Philip José Farmer – Die Flusswelt der Zeit (Flusswelt 1)

Auf einer von Unbekannten erschaffenen Welt erwachen Milliarden von gestorbenen Menschen wieder, um ohne ihr Wissen an einem anthropologischen und soziologischen Experiment teilzunehmen. Richard Francis Burton, britischer Abenteurer, gestorben 1890, macht sich mit Gefährten auf den Weg, den Zweck des Experiments von den Erbauern zu erfragen. – Die ersten beiden Romane des FLUSSWELT-Zyklus wurden verfilmt.

Der Autor

Philip José Farmer wurde bereits 1918 in North Terre Haute, Indiana, als Nachkomme von deutschen, niederländischen und irischen Vorfahren geboren. 1946 verkaufte er eine Kriegserzählung an das Magazin „Adventure“, sein erster Roman „The Lovers“ (Die Liebenden) erschien 1952 in „Startling Stories“ und brachte zum ersten Mal das Thema Sexualität in die (eher prüden) Science-Fiction-Magazine seiner Zeit ein. Danach galt er als Tabubrecher. Viele seiner Werke zeichnen sich durch unterhaltende Themen und Erzählweise sowie durch Ideenreichtum aus. Das gilt auch für den fünfbändigen Flusswelt-Zyklus.

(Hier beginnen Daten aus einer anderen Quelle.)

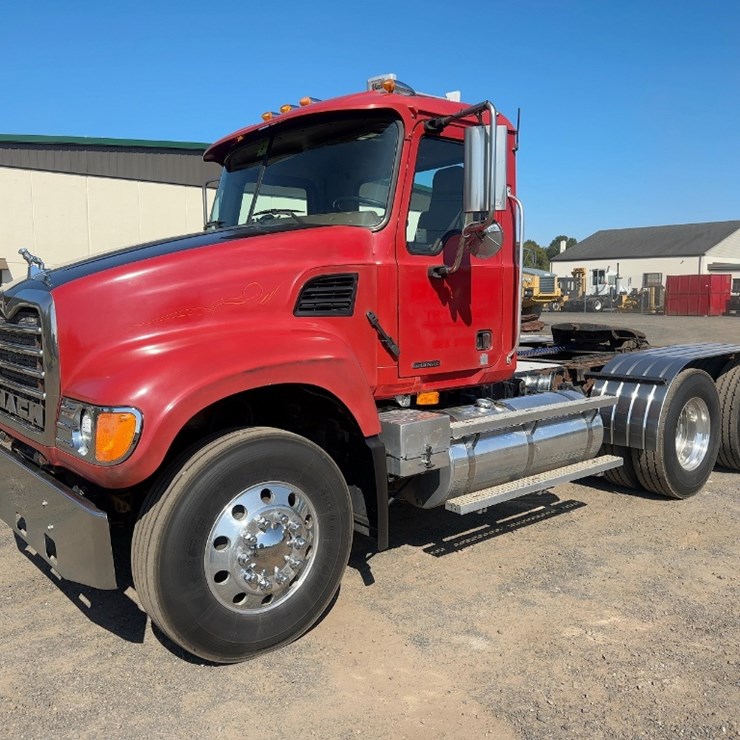 2003 MACK GRANITE CV713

1) Die Flusswelt der Zeit (1953/1971)
2) Auf dem Zeitstrom (1971)
3) Das dunkle Muster (1977)
4) Das magische Labyrinth (1980)
5) Die Götter der Flusswelt (1983)

Der erste Flusswelt-Roman entstand bereits 1953 anlässlich eines Romanwettbewerbs, doch Farmer wurde um Preis und Honorar betrogen. Das im Jahr 1972 mit dem renommierten |Hugo Gernsback Award| ausgezeichnete Werk erschien schließlich erst 1971, nachdem der Autor mehrere Teile zu einem lesbaren Ganzen verschmolzen hatte: eine sogenannte Fix-up-Novel, wie sie in der phantastischen Literatur keineswegs selten ist.

Hinweis

Am Schluss von „Die Götter der Flusswelt“ findet ihr eine Zusammenfassung der Handlung, in der der Autor alles erklärt. Das erspart zwar die Mühe des Lesens und verschafft schnellen Durchblick, bringt den Leser aber um das Vergnügen all der Abenteuer, die die Helden aus allen Erdepochen zu bestehen haben – und das sind eine ganze Menge!

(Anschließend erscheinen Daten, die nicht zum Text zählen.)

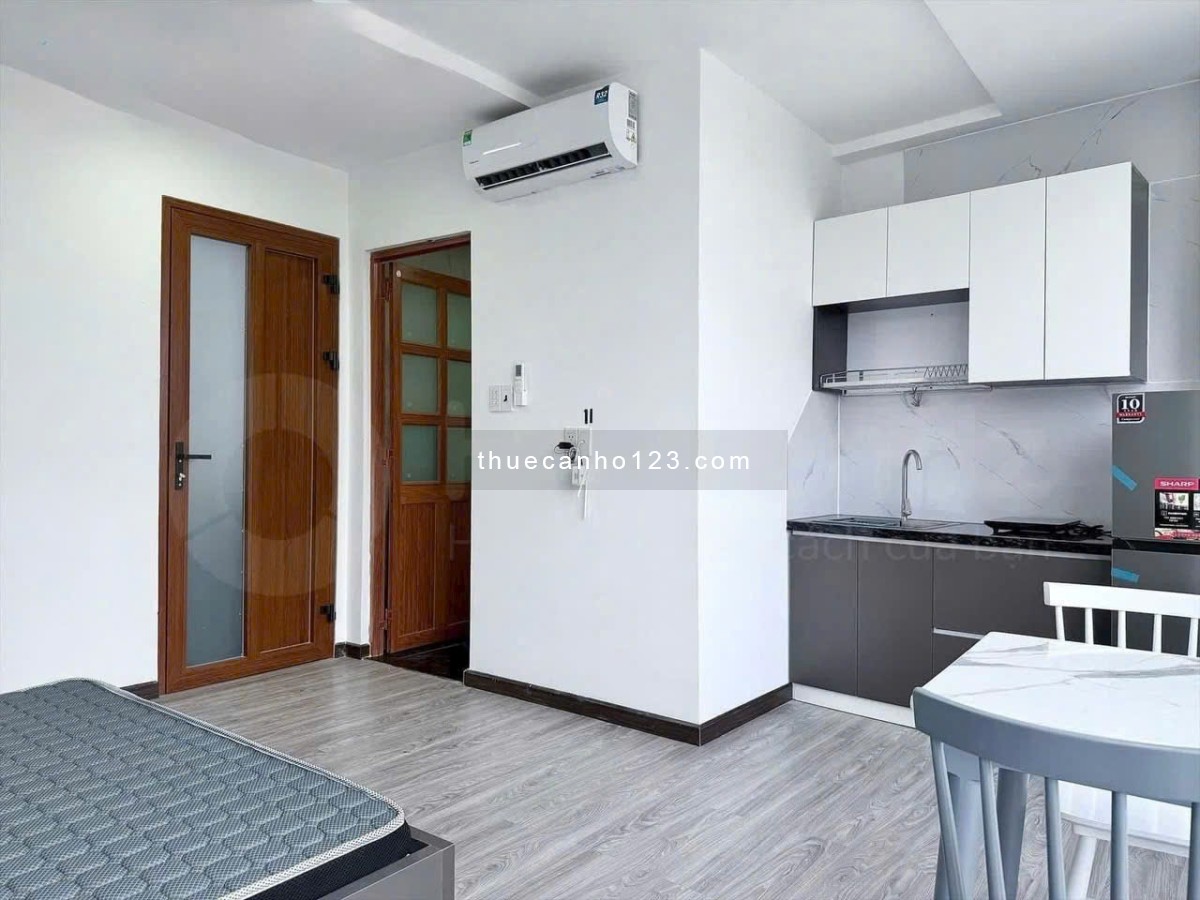 Cho thuê căn hộ Bình Thạnh_Studio 35m2_Cửa sổ trời_Sát Đại Học UEF_Chợ Phan Văn Hân_Ngã Tư Hàng Xanh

Hintergrund: die Flusswelt

Die Flusswelt ist ein riesiger, offenbar künstlich geschaffener Planet, der keine Jahreszeiten kennt, aber ein angenehmes Klima aufweist. Diese erdähnliche Welt wird von einem über 20 Millionen Kilometer langen Flusstal durchzogen, das zu beiden Seiten von unüberwindbar hohen, steilen Gebirgszügen eingegrenzt wird. Ab und zu fallen Meteore auf die Gebirge, sie bedeuten das einzige Metallvorkommen. Auf beiden Ufern des Flusstals sind merkwürdige Kunstgebilde auszumachen, die pilzfömig in die Höhe ragen und Schutz vor dem Regen bieten, der pünktlich um drei Uhr morgens einsetzt. Diese „Gralsteine“ sind – neben den Flussfischen – die einzige Nahrungs- und Versorgungsquelle für die künftigen Bewohner: die Menschen der Erde.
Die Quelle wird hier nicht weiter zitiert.